Coinbase launched 4% rewards on USDC for all Coinbase customers on June 15, adding the caveat that the “rate is subject to change and can vary.”

According to an FAQ article, Coinbase doesn’t lend out the USDC in its customers accounts, claiming it “has no right to use” those funds.

“USDC Rewards is a loyalty program that is funded with Coinbase’s own funds. The program is designed to incentivize more of our customers to use Coinbase services to store their USDC,” the FAQ continued. 

The 4% yield offering is significant because it rivals what major banks give in terms of APY for their high yield savings accounts.

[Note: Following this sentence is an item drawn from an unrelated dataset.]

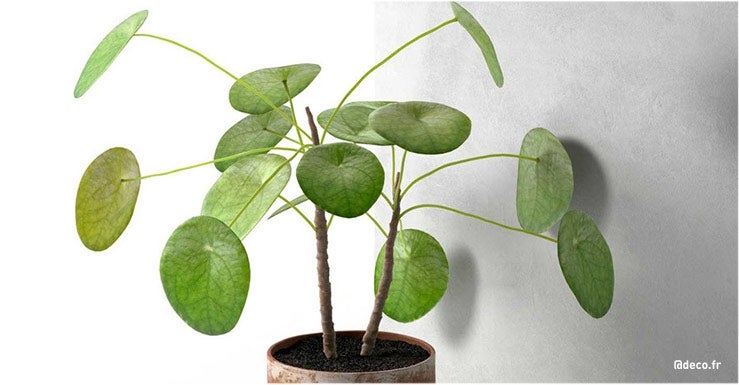 Le Pilea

Apple’s savings account, which launched in April and is tied to its credit card, offers 4.15% APY. 

And according to Bankrate, which tracks and rates financial products, there are a handful of savings accounts that surpass Coinbase’s 4%. Capital One has an account that, like Apple, offers 4.15% APY.

Coinbase Lend, a program that faced regulatory hurdles and was ultimately abandoned due to threats of legal action by the SEC, had initially planned to offer traders a 4% APY on USDC as a reward. Although the program was announced in 2021, it was later canceled.

Lend, unlike what Coinbase is offering now, would have loaned out the USDC in customer accounts “to verified borrowers.” If users had chosen to participate in the program, there was a potential risk that their funds would no longer be held under Coinbase’s custody. 

“This is a wholly separate offering from Lend, as USDC holders on Coinbase receive these rewards simply for holding USDC in their Coinbase accounts,” Coinbase told Blockworks.